__AIM OF THE TASK__
Copy every record exactly as it stands. Leave the pictures out.

Collection entries
......

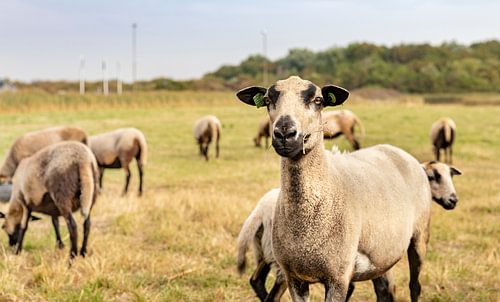 Nieuwsgierig schaap in de duinen
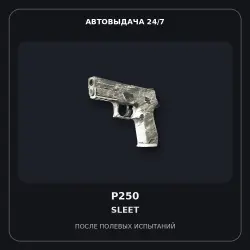 P250 | Sleet | Field-Tested
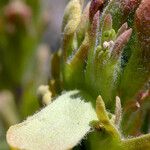 Castilleja arachnoidea Blad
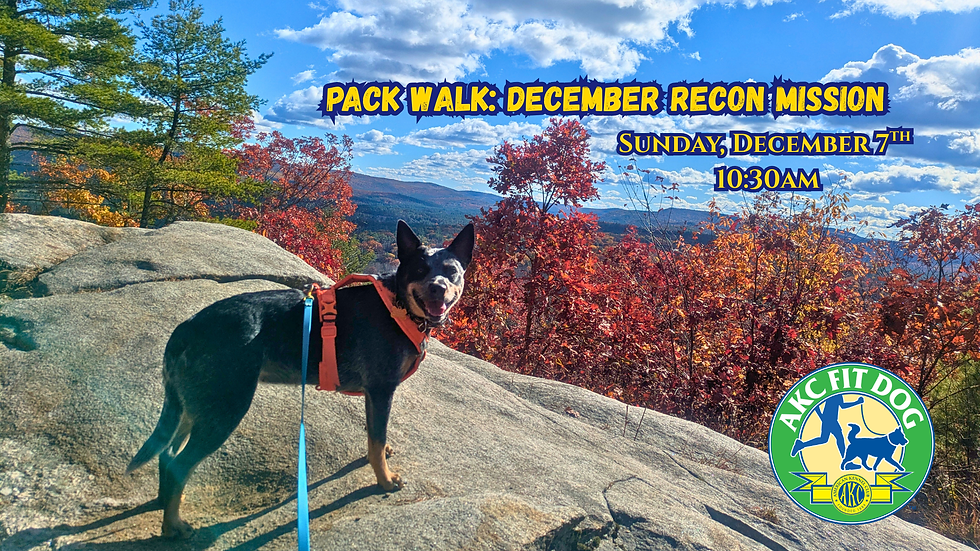 Pack Walk: December Recon Mission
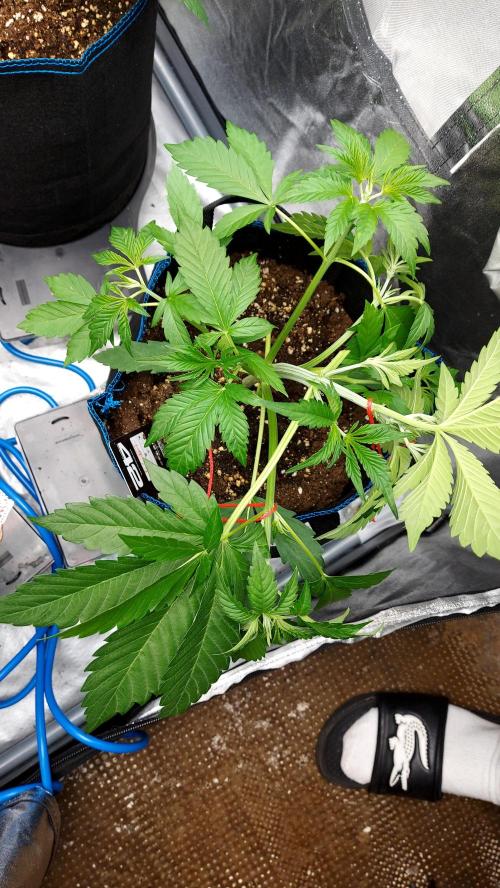 frostbanger autofloraison expérience. Week 3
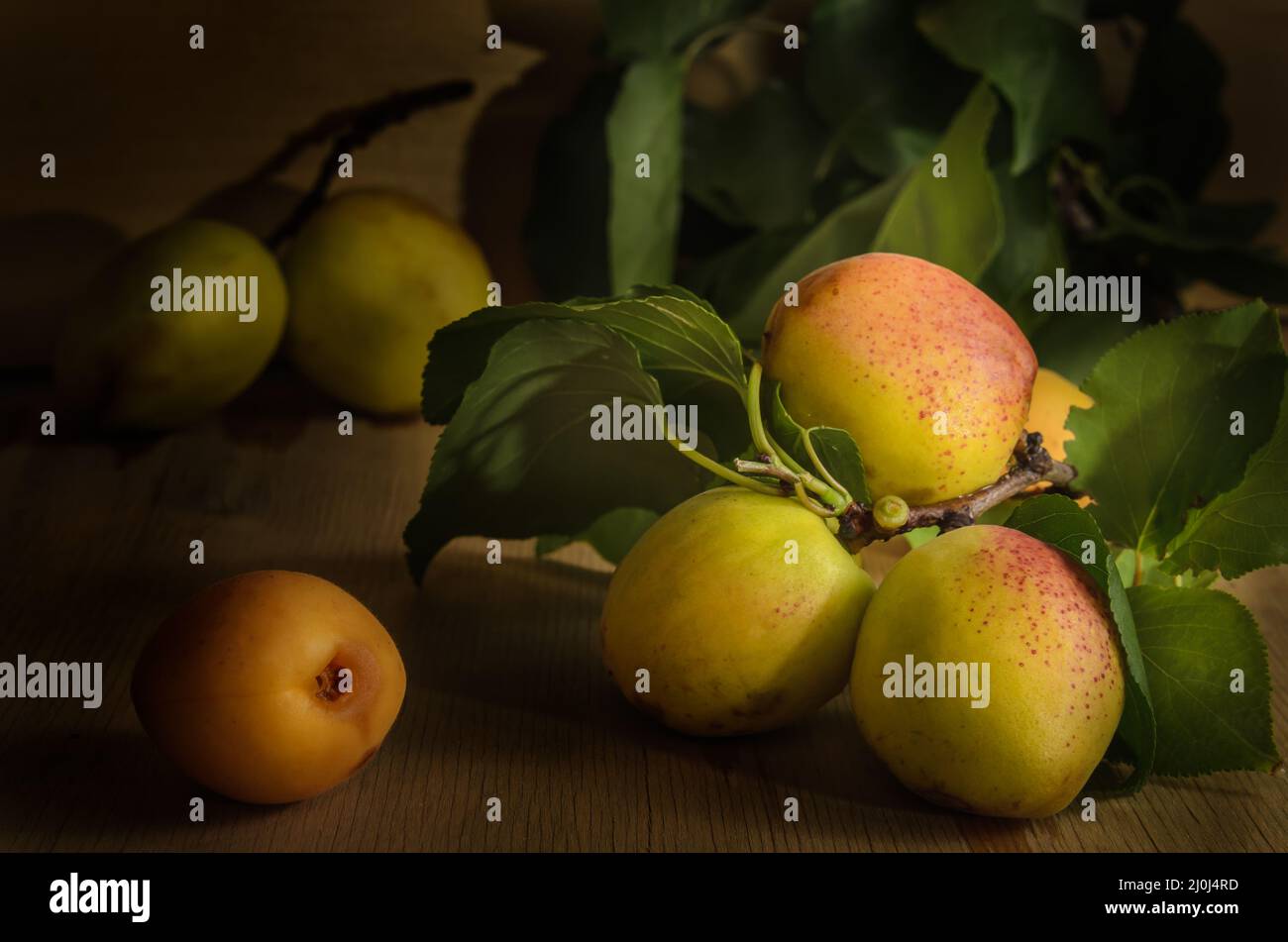 Reife saftige Aprikosenfrüchte auf dunklem Holzhintergrund in großer Menge Stockfoto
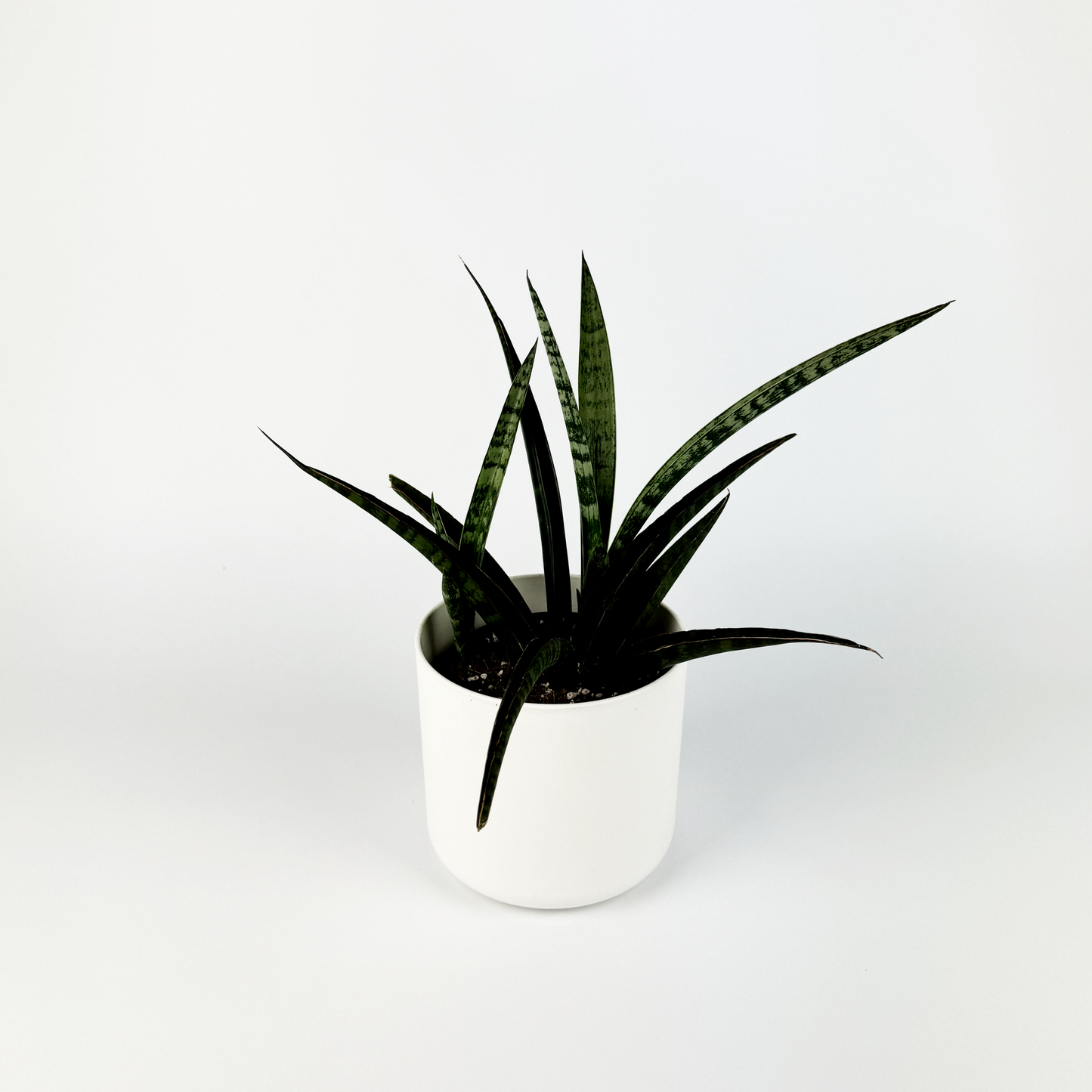 Sanseveria Trifasciata Megan Houseplant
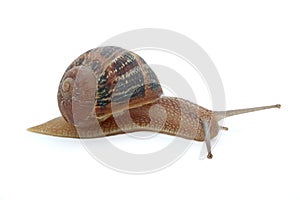 Snails Petit gris (helix aspersa) isolated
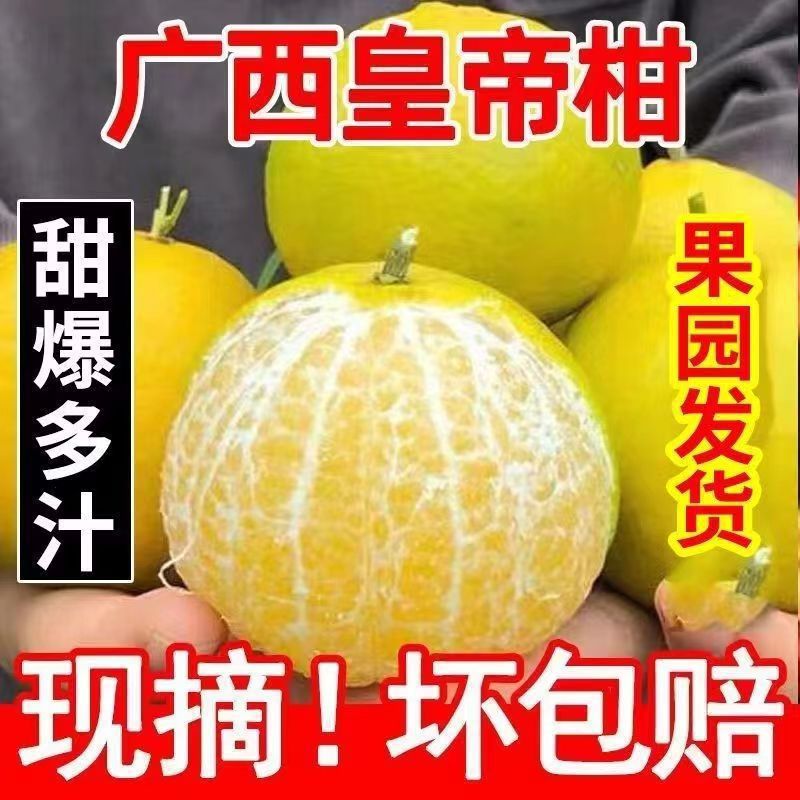 Guanggan Jin Fresh Fruit Gonggan/Jin Citrus Thin Skin Wholesale Orange Orange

......

__SOLUTION TO THIS EXERCISE__
 Nieuwsgierig schaap in de duinen
 P250 | Sleet | Field-Tested
 Castilleja arachnoidea Blad
 Pack Walk: December Recon Mission
 frostbanger autofloraison expérience. Week 3
 Reife saftige Aprikosenfrüchte auf dunklem Holzhintergrund in großer Menge Stockfoto
 Sanseveria Trifasciata Megan Houseplant
 Snails Petit gris (helix aspersa) isolated
 Guanggan Jin Fresh Fruit Gonggan/Jin Citrus Thin Skin Wholesale Orange Orange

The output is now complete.